住友ゴムがリスク分析実施 自然依存および影響について

2025年03月24日

ゴムタイムス社

 住友ゴム工業は3月21日、自然関連財務情報開示タスクフォースの最終提言に基づき、同社全事業における自然への依存および影響についてリスク分析を実施したと発表した。
 2023年は、タイヤ事業において、TNFD提言で推奨されている手法を用いてリスク評価を実施したが、さらなる生物多様性保全の推進に向け、このたび、スポーツ事業と産業品事業にも対象範囲を広げ、リスク評価を行った。
 スポーツ事業においては、「水資源・排水」「周辺生態系」を、産業品事業では、「水資源・排水」「周辺生態系」「土地開発」を重要課題と特定した。重要課題への対応策を検討するため、上流・直接操業・下流のバリューチェーンの段階ごとに整理し、地域性分析を行い、課題を深掘りした。
 地域分析の結果、スポーツ事業、産業品事業ともに、バリューチェーン上流で小規模なリスクを発見したほか、直接操業の「水資源・排水」「周辺生態系」におけるリスクを特定した。直接操業の「水資源・排水」において、水リスクが高いと評価されたインドネシアのゴルフボールおよびタイヤ製造工場を含む7工場では、2050年度までに工場排水の100%リサイクルを目指すことをサステナビリティ長期方針で定め、水ストレスの低減に向けた取り組みを実施している。

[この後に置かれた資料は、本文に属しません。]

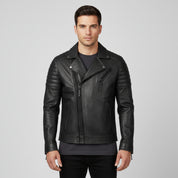 Men's Handmade Black Genuine Leather Jacket Slim Fit Zip Closure Vintage Style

 また、リスク顕在化の事例として、欧米ではマイクロプラスチックに対する規制が進んでいることが確認されている。同社グループではスポーツ用人工芝からのマイクロプラスチック流出を抑制するための実証実験や天然素材充填材を採用した人工芝の開発・施工に取り組んでおり、製品の使用段階における自然関連リスクの軽減に向け取り組みを進めている。
 なお、分析の結果においては、同社の施工実績は日本国内に限定しており、それぞれの施設における自然関連リスクに有意な差はないと評価している。

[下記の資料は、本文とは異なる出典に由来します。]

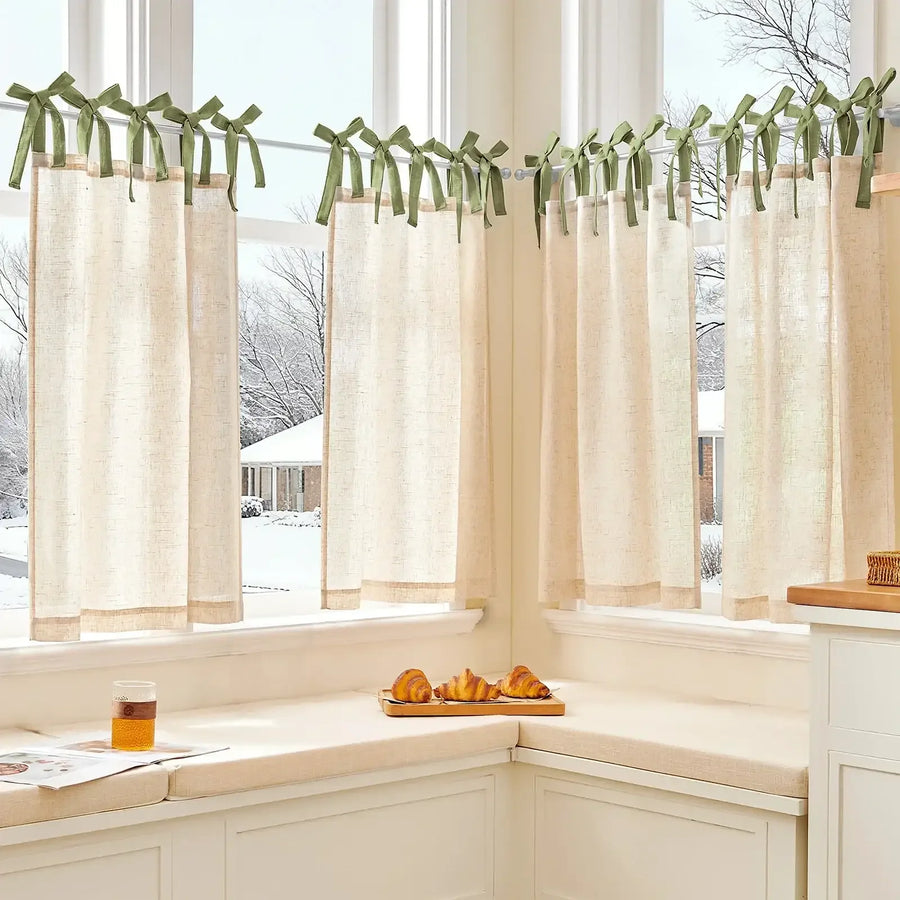 DIY Colorblock Linen-Blend Kitchen Curtains - Jinchan Home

 同社グループは企業理念体系「Our Philosophy」を実現するため、バリューチェーン全体のリスクと機会からマテリアリティを特定している。マテリアリティ項目のひとつとして定める「生物多様性」では、ありたい姿を「天然ゴムなど自然資源への依存と影響を自覚し、周辺の生態系と共存する企業」と掲げている。リスク分析や生態系と自然資源の恩恵を将来世代につなげるため、事業による負の影響を小さくし、生物多様性の保全と回復に努めていく。